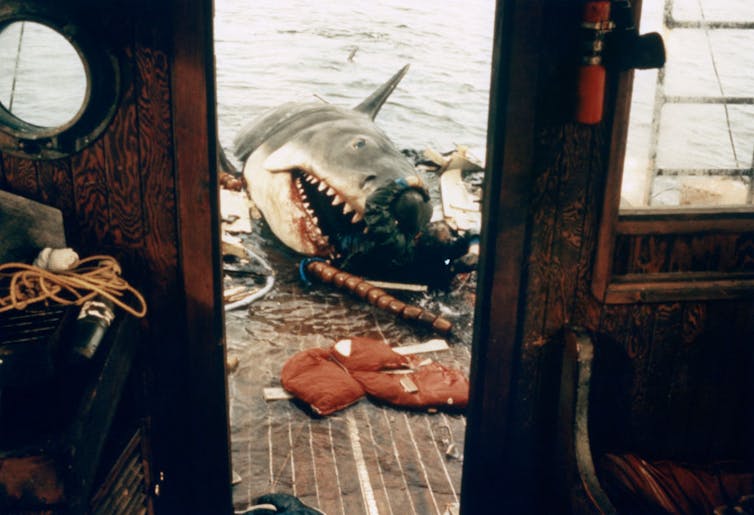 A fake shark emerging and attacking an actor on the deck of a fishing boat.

--

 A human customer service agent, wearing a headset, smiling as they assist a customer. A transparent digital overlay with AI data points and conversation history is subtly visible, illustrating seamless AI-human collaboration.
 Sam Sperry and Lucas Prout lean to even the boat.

## [Exercise goal]
All lines above from the one holding "A human customer" to the one holding "Sam Sperry and", inclusive, are to be copied exactly; no other line is wanted.

## [Output for this task]
 A human customer service agent, wearing a headset, smiling as they assist a customer. A transparent digital overlay with AI data points and conversation history is subtly visible, illustrating seamless AI-human collaboration.
 Sam Sperry and Lucas Prout lean to even the boat.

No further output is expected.